The more common practice is for the publisher to give the first advance payment after the contract has been signed and the final advance payment upon acceptance of the full manuscript. You still have to wait for the actual book to be produced, but at least you don't have to wait for the money. Many publishers split the advance in half, but some split it into thirds or even fourths. The middle payments usually are tied to delivery of a specific percentage of the manuscript.
For every author who gets a seven-figure advance on his next blockbuster, there are dozens who can't even make a decent living off book sales. According to a 1981 study for the Authors Guild Foundation, the median annual income (from books) for an American author was about $5,000. Most observers believe that figure has remained relatively static over the past quarter-century.
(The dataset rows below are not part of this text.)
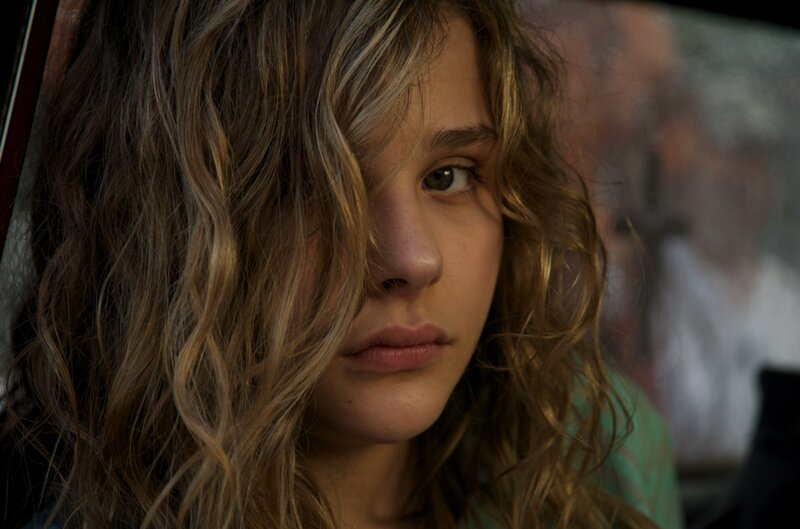 woman with wavy hair looking at camera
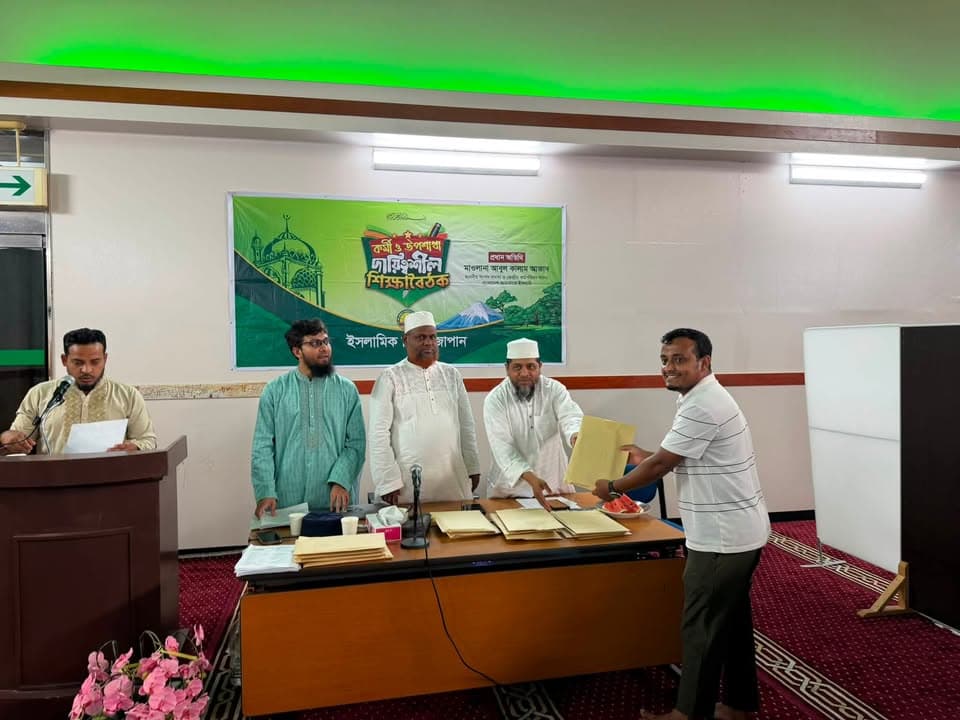Several men in traditional attire stand behind a table covered with envelopes and documents in a hall decorated with a green Bengali-language banner, as one hands an envelope to a participant.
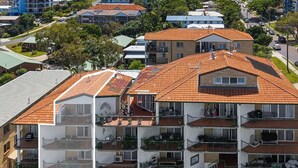 A multi-story residential building with a red-tiled roof, balconies, and a visible garage.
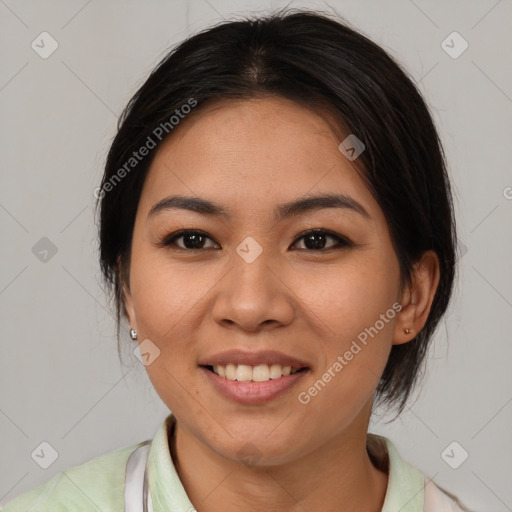 Joyful asian young-adult female with medium  brown hair and brown eyes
Royalties are a percentage of the sale of each copy of your book. The percentage can be based on the list price of the book (what it sells for in the stores) or on the wholesale price (what the publisher got for it). List-price percentages usually are lower than wholesale-price percentages. Say the list price on a hardcover book is $30, and your royalty rate is 8 percent. That means you get $2.40 for every copy sold at $30. If the wholesale price on the same book is $15, your royalty rate would have to be 16 percent in order for you to earn the same $2.40 per copy. An 8 percent royalty rate on the wholesale price would yield only $1.20 per copy.
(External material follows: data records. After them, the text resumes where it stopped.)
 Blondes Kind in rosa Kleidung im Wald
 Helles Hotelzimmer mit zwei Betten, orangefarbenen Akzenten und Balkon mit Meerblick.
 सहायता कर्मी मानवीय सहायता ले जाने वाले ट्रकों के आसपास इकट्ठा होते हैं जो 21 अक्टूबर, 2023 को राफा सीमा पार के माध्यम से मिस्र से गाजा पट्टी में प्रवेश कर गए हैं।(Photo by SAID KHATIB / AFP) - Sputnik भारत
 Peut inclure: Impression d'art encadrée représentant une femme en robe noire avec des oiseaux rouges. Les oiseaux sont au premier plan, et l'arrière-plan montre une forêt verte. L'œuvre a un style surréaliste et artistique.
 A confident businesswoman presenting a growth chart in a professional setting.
Royalty rates usually increase with the number of copies sold. You might get 8 percent on the first 5,000 copies, for example, then 10 percent on copies 5,001 through 15,000, and 12.5 percent on every copy sold after that. Royalty rates also can change depending on the format of your book; hardcover rates might be different from trade paperback rates, and trade paperback rates might be different from mass-market paperback rates.
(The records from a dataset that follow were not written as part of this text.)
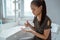 Asian teenage girl is cleaning her hands by spraying hand sanitizer while sitting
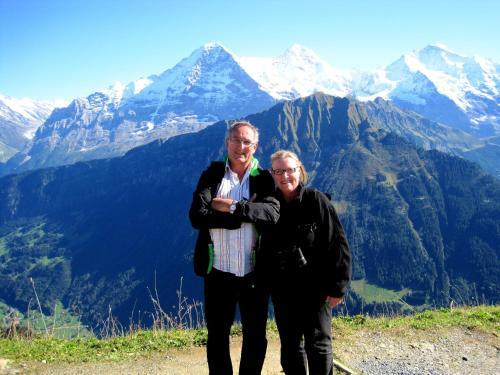 a man and woman standing on top of a mountain at Pension Stubachblick in Uttendorf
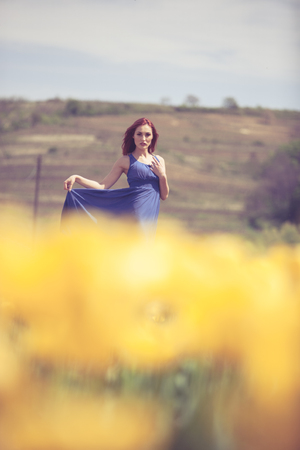 Beautiful woman in flower field in sunny day. Outdoor shooting. Lifestyle and relaxationの写真素材
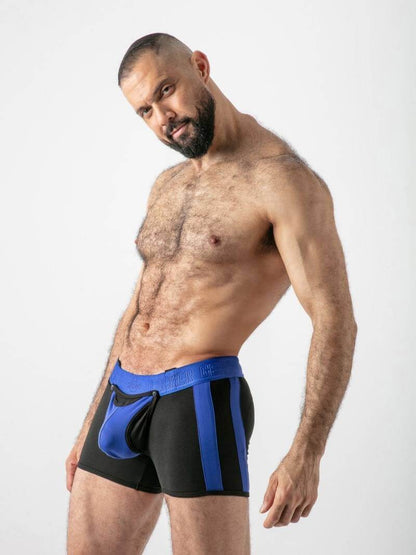 Man wearing black and blue athletic shorts on a white background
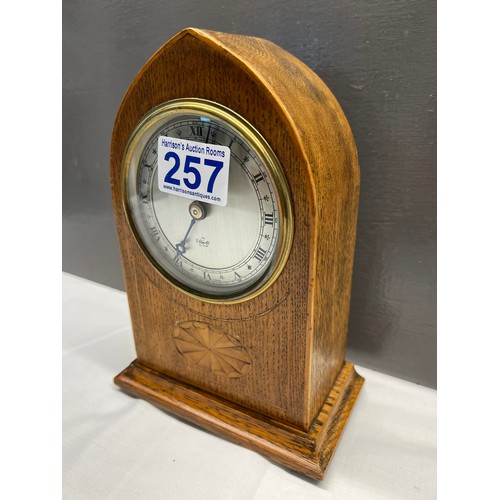 257 - Oak inlaid Edwardian Elliot clock with wind up movement working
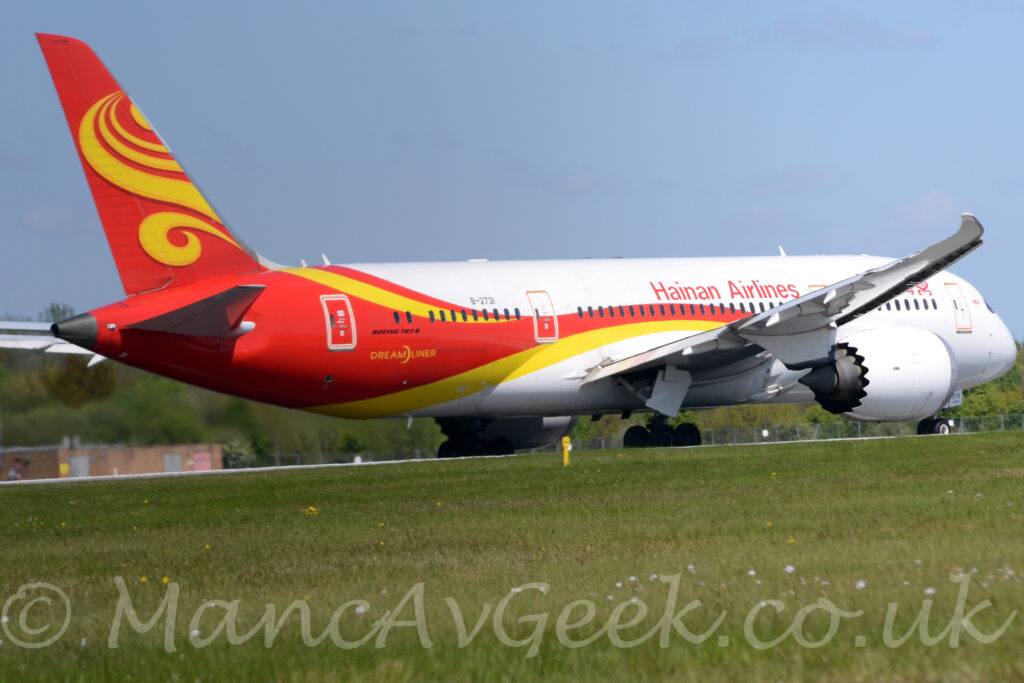 Side view of a twin engined jet airliner moving from left to righ along a runway. The plane is mostly white, with a red and yellow stripe running along the body, spilling over the front of the wings, and running up and down to fill the rear fuselage, with a second yel;low stripe on the upper rear. The tail is red, with yellow swirls in the middle. There are red "Hainan Airlines" titles on the upper forward fuselage, just aft of the forward mid-cabin door, with the same titles in a Chinese script further forward, partially obscured by the wing. There is black text "Boeing 787-8" under the rear-most cabin windows, above larger, yellow "DreamLiner" text. The black registration "B-2731" si on the upper rear fuselage, with the number "2731" repeated on the sides of the open nose-wheel doors. White engine pods, with scalloped rear edges, are suspended under the wings. Green grass fills the foreground, with trees in the background, those on the left blurred by the jellyfied hot air coming from the rear of the engines. Blue sky fills the rest of the frame.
Most publishers report sales and royalty earnings twice a year. A typical royalty statement will show how many copies of your book have been sold to booksellers, the retail or wholesale price, the royalty rate, and the total earnings. The publisher can take up to ninety days after the end of a reporting period to issue the royalty statement, which will be accompanied by a check if any payment is due you. Remember that your book has to earn back its advance before you can expect any royalty checks.
What is an unearned advance?
Advances are upfront payments against royalties, and the author doesn't receive any more money from the publisher until the royalties on sales exceed the advance. An advance that exceeds the royalties that would be due the author based on actual sales is called an “unearned” advance.